#### Exercise instructions:
The copy you produce must repeat each record exactly and contain no pictures.

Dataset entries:

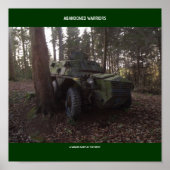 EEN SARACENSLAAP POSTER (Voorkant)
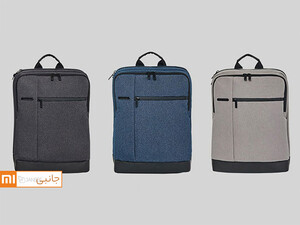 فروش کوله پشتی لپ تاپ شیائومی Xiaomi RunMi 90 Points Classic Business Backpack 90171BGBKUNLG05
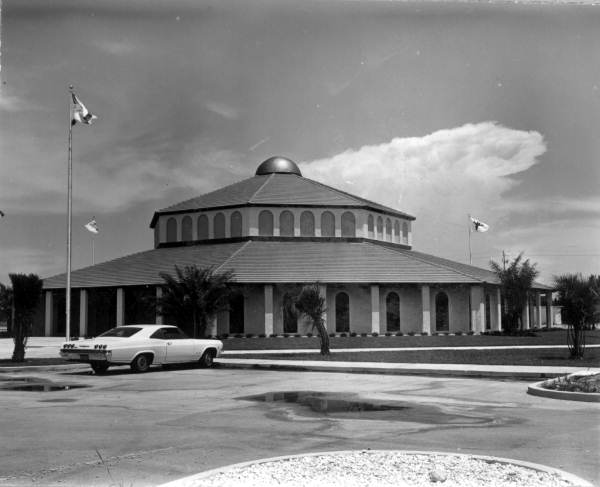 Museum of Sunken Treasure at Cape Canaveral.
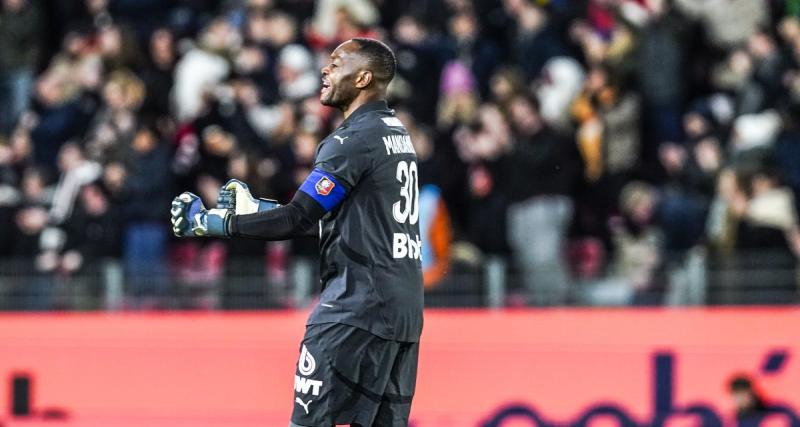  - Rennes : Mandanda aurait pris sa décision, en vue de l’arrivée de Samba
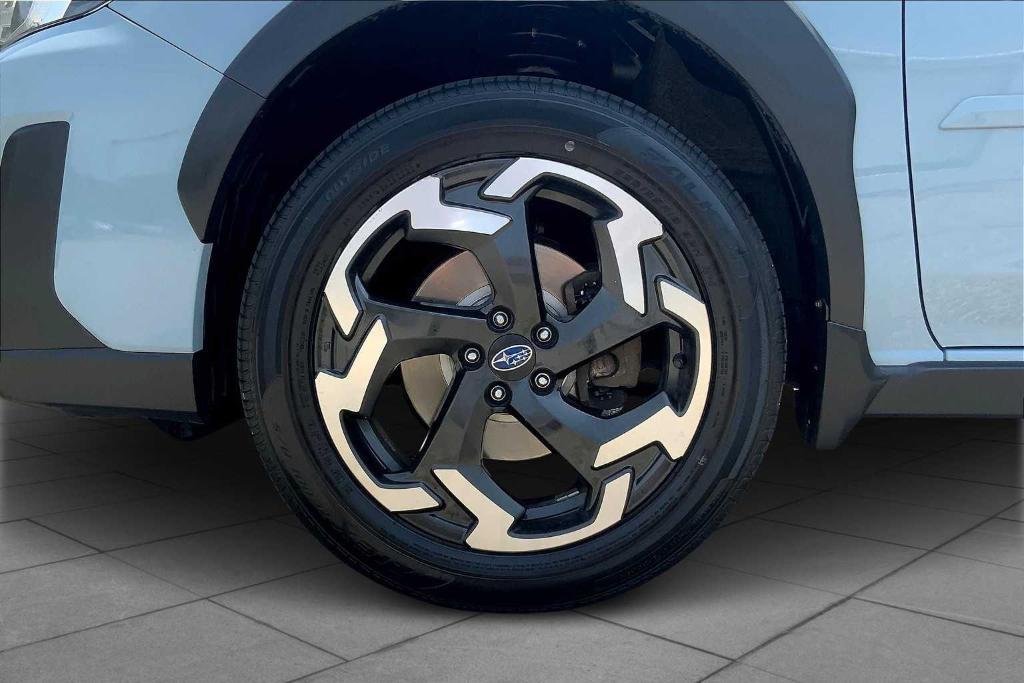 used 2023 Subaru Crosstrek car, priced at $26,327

#### Output for this exercise:
 EEN SARACENSLAAP POSTER (Voorkant)
 فروش کوله پشتی لپ تاپ شیائومی Xiaomi RunMi 90 Points Classic Business Backpack 90171BGBKUNLG05
 Museum of Sunken Treasure at Cape Canaveral.
  - Rennes : Mandanda aurait pris sa décision, en vue de l’arrivée de Samba
 used 2023 Subaru Crosstrek car, priced at $26,327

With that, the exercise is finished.